Toda esta manera de razonar induce la amputación de la política monetaria, fiscal y crediticia, clausurando el Estado y tornando a la sociedad hacia un estado de naturaleza, donde cada uno se las arreglará como pueda. Cual un padre que seccionara los miembros de su hijito para que no haga travesuras. El Estado es el semáforo de la sociedad, y si no funciona debe arreglárselo, no desconectarlo, a la manera puramente liberal. La seguridad jurídica, base de todo progreso, no podrá ser importada. Debe ser construida localmente. No resulta extraño que toda credibilidad comprada en base a la reputación ajena, finalmente se malverse.

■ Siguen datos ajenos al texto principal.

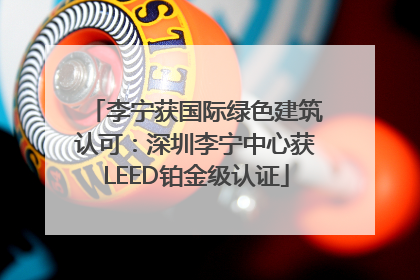 李宁获国际绿色建筑认可：深圳李宁中心获LEED铂金级认证
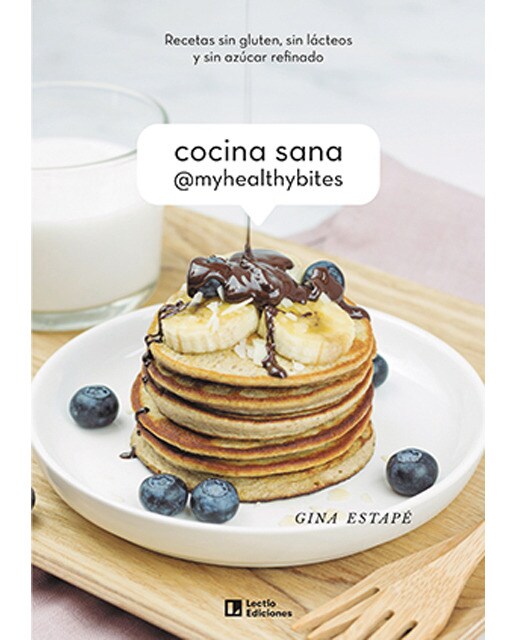 Cocina sana @MyHealthyBites: Recetas sin gluten, sin lácteos y sin azúcar refinado (Capa mole) 1
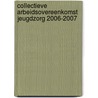 Collectieve Arbeidsovereenkomst Jeugdzorg 2006-2007 by Unknown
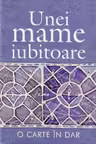 Unei Mame Iubitoare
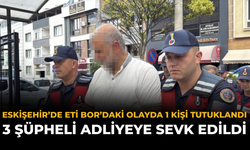 Eskişehir’de ETİ Bor’daki Olayda 1 Kişi Tutuklandı, 3 Şüpheli Adliyeye Sevk Edildi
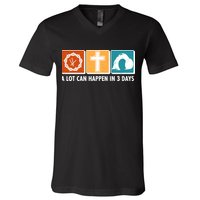 A Lot Can Happened In Three Days Jesus Resurrection V-Neck T-Shirt
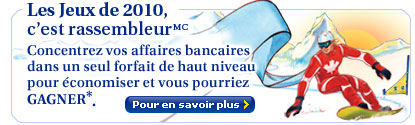 Les Jeux de 2010, c'est rassembleur. Concentrez vos affaires bancaires dans un seul forfait de haut niveau pour �conomiser et vous pourriez GAGNER*.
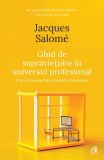 Ghid de supravietuire in universul profesional | Jacques Salome, Curtea Veche Publishing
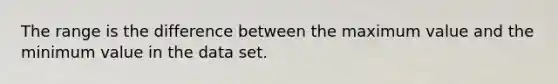 The range is the difference between the maximum value and the minimum value in the data set.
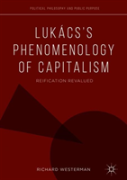 Lukacsâ€™S Phenomenology Of Capitalism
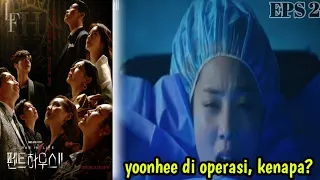 Oh Yoon Hee di operasi karena sakit ? - PART 2 | Alur Cerita Film The Penthouse Season 2 (2021)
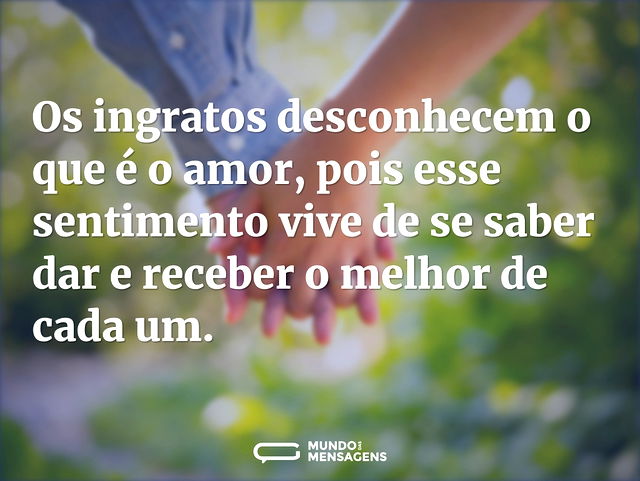 Os ingratos desconhecem o que é o amor, ...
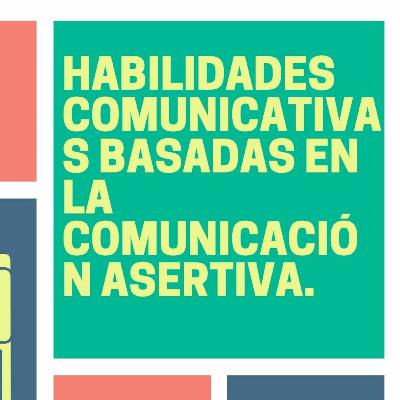 HABILIDADES COMUNICATIVAS BASADAS EN LA COMUNICACIÓN ASERTIVA.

Justamente detrás de estos enfoques se esconde la idea de que no estamos listos para refaccionar nuestras instituciones a fin de lograr una fundada credibilidad, y que debemos comprar tiempo para hacerlo. Pero los resultados están a la vista: si se compra el tiempo, ¿después para qué reformar las instituciones? El momento es ahora, o nunca.
Con ideas como éstas no vamos a ningún lado y seguimos buscando soluciones mágicas. Mitologías económicas. Que los dioses nos protejan de ellas.